On Thu, May 03, 2018 at 08:27:48AM -0700, James Bottomley wrote:
> It's also a sad fact that a lot of things which look like obvious fixes
> actually turn out not to be so with later testing.  This is why the
> user visibility test is paramount.  If a bug fix has no real user
> visible effects, it's often better to defer it no matter how obvious it
> looks, which is why the static code checkers often get short shrift
> before a merge window.
> 
> A script measuring user visibility would be nice, but looks a bit
> complex ...

I totally agree with this and it matches my experience in haproxy. We
have had series of fixes that broke something else in very subtle ways
that made us want to improve non-reg, but many of the times we noted
that reg testing would hardly spot them given that the failures require
so many conditions to happen only once every million that it's hopeless.
It's just that some users are (un)lucky enough to meet all the conditions
at once very often and to be very sensitive to one error per million.

User exposure is needed. Having multiple stable release ensures everyone
gets their expected level of trust. Those on -rc want to see bugs before
they hit their users. Regressions are bad and require self-moderation and
self-estimation of the amount of trust in one's code, but they're better
in -rc than in -stable. I do happen to write some fixes I'm not totally
sure about and prefer not to backport them immediately. Users value
transparency because that helps them take safe decisions. If I say "this
is my fix, but I'd love more testing as I'm not yet sold on it", I'll get
some testers, but not the ones complaining that I broke their setup. Only
later it makes sense to progressively backport.

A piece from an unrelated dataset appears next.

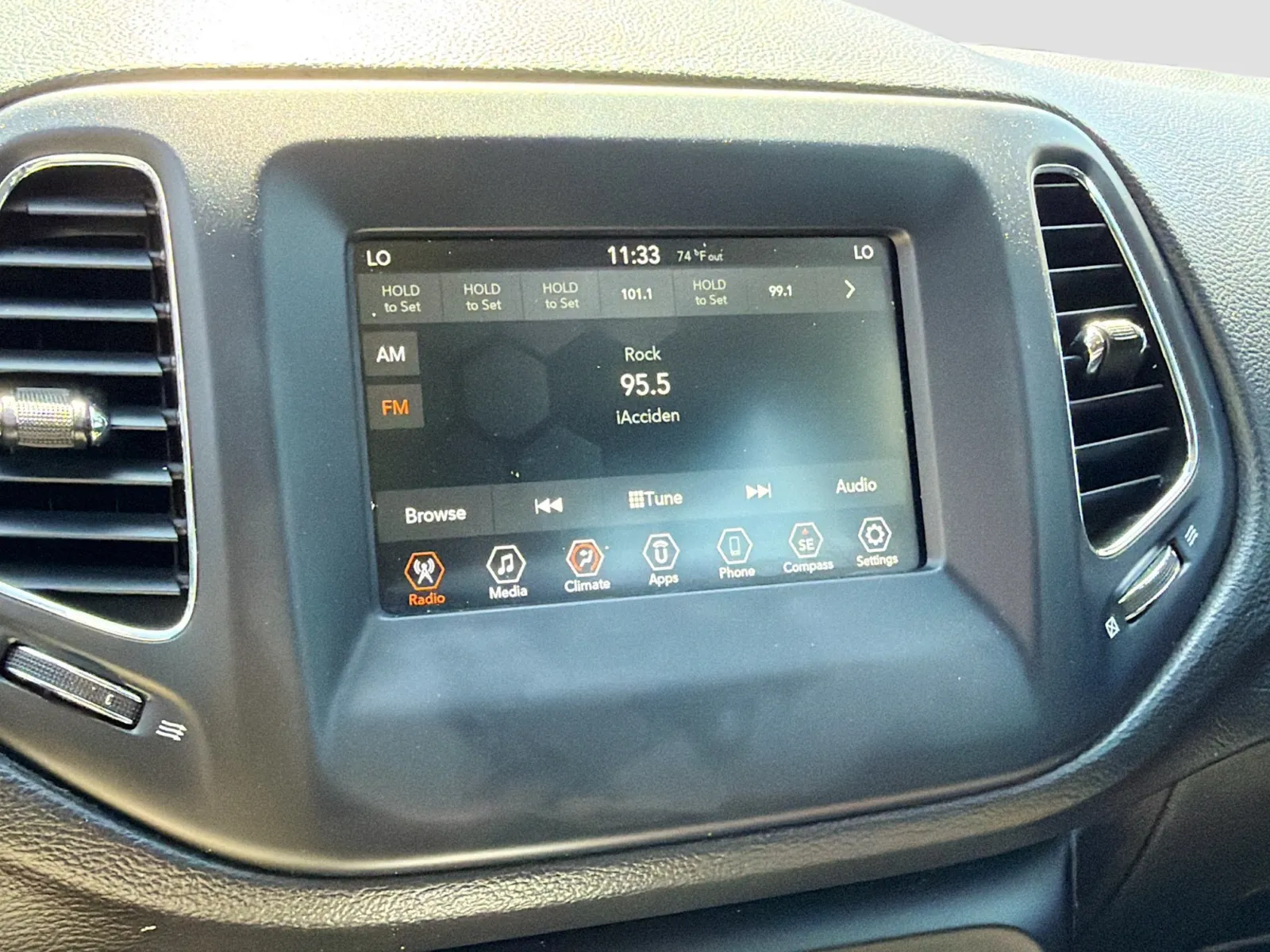 Jeep Compass photo 10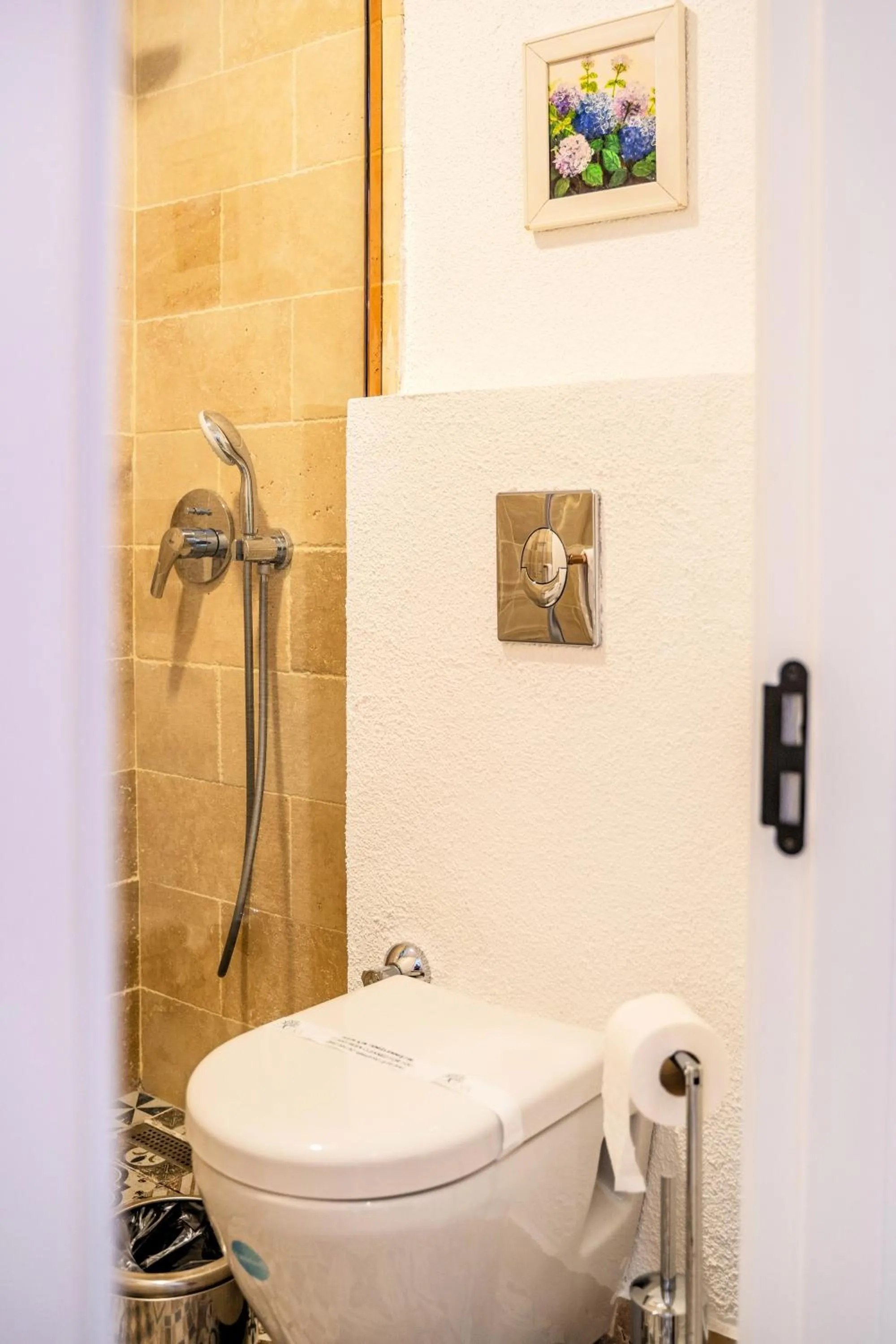 Shower in Zaena Hotel Alaçatı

I have broken stable releases many times with failed backports. Almost
every time it was my fault due to incomplete testing. I could argue that
once you've built one hundred times in a week-end you're probably a bit
more lenient about next builds, or whatever. But in the end I was the
one breaking a working version. Seeing my branches picked up by Guenter
was a huge relief and it started to spot many build issues that I could
not figure myself. It doesn't make remaining bugs less important but at
least they are easier to swallow, to spot and to address.

What's not acceptable is rushed fixes that have obvious side effects that
could have been caught by closer analysis or better testing. It always
happens but it must not happen too often for the same person/subsystem.
This I think is where the line must be drawn. When Linus shouts once in
a while, it's a reminder for all others. Tune the potentiometer of his
detection threshold a bit lower and we'll get less regressions because
it's never pleasant to be called stupid in public like he does.